Fiché «S03» , il est soupçonné d'avoir tenté d'infiltrer plusieurs organisations islamiques françaises pour le compte des services de renseignement marocain. L'homme  qui avait disparu de la circulation, dont les recherches à le retrouver sont vaines, est fiché «S03» et aurait réussi à s'accaparer de dizaines de fiches d'informations confidentielles portant sur des personnes plus ou moins liées à la mouvance islamiste. Mohamed B aurait réussi l'opération de la transmission illégale de documents officiels dont certains seraient classés «confidentiel défense» . Le même agent réapparaît dans le scandale de la corruption des députés européens dans ce qui est appelé Marocgate.
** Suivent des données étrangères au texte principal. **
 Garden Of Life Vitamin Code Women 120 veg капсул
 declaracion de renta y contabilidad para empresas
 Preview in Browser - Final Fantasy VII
Aujourd'hui, force est de constater, que les services de renseignements occidentaux, en particulier espagnols, que le régime du Makhzen est impliqué dans des actes criminels visant l'Espagne. Et, il n'est pas exclu, que le Makhzen es impliqué dans les attentats terroristes de Madrid du 11 mars 2004, après l'humiliation de l’Ilot Perejil, subie par le régime du Makhzen en 2002 et Barcelone en 2017.
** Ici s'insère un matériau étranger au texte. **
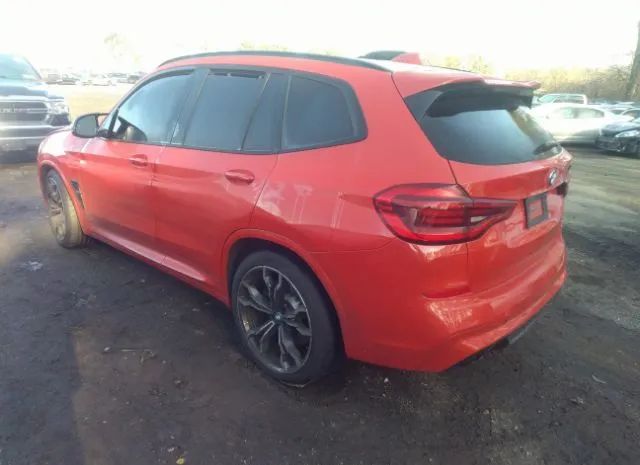 Photo 2 VIN: 5YMTS0C04LLT10519 - BMW X3 M 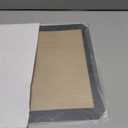 Silicone Baking Mat,Silicone Mat,2 Pack Reusable Non-Stick Baking Mat,Food Safe Silicone Mats for Baking, Oven Baking Sheet for Making Cookies, Macaroons, Bread,(11.8"L x 8.3"W)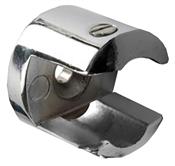 Suporte Prateleira De Vidro Regulável Cromado 10mm 8040 37 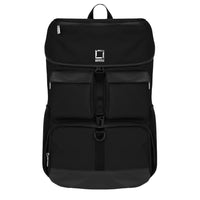 Lencca Logan 17" Laptop Travel Backpack - Black-Fits a range of 13", 15.6, 17" & 18" laptops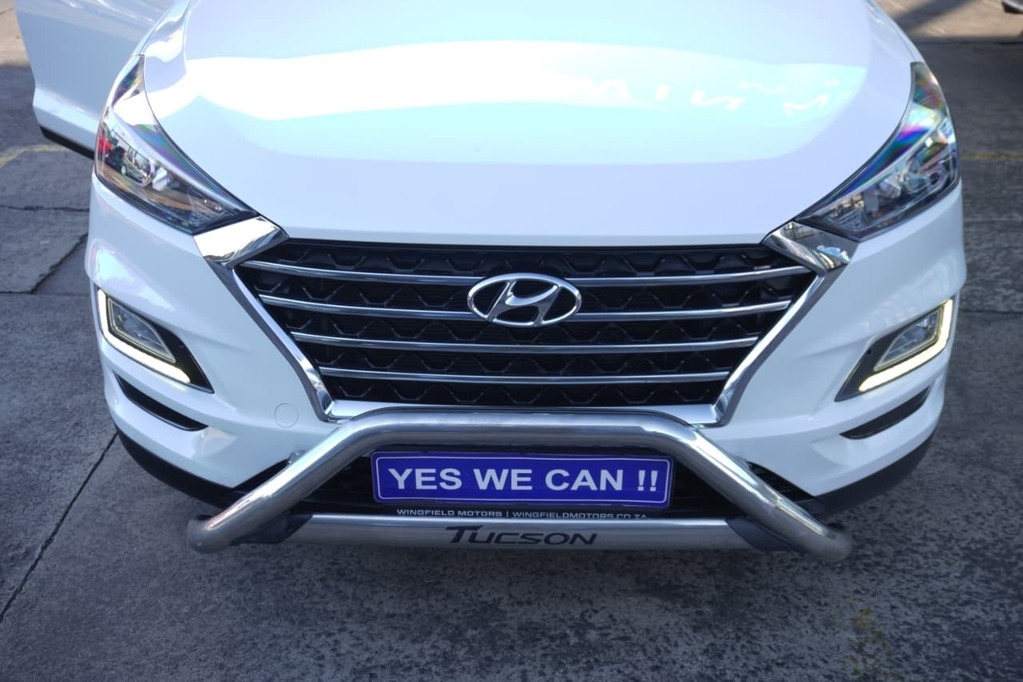 2021 HYUNDAI TUCSON, White, 137000Kms, Automatic, , Petrol, R249 900, Bellville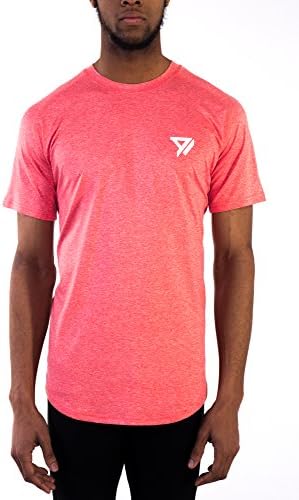 Empire Athletic High Quality Running T-Shirt For Men With Breathable, Quick Drying Technology. Lightweight &amp; Short Sleeved. Sizes S-L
L'invasion migratoire visant l'enclave espagnole de Ceuta, le 30 juillet dernier, le jour de la célébration de la fête du trône e du 27ème anniversaire de l'accession de Mohamed VI, accompagnée d'une instrumentalisation religieuse annoncée et déclarée officiellement le jour de la célébration du Mawlid Ennabaoui, constitue une nouvelle étape en matière de concrétisation des desseins expansionnistes et annexionnistes du régime du Makhzen pour sa survie, même en recourant à des actes terroristes, via l'envoi des terroristes et des détenus graciés pour endeuiller ses voisins.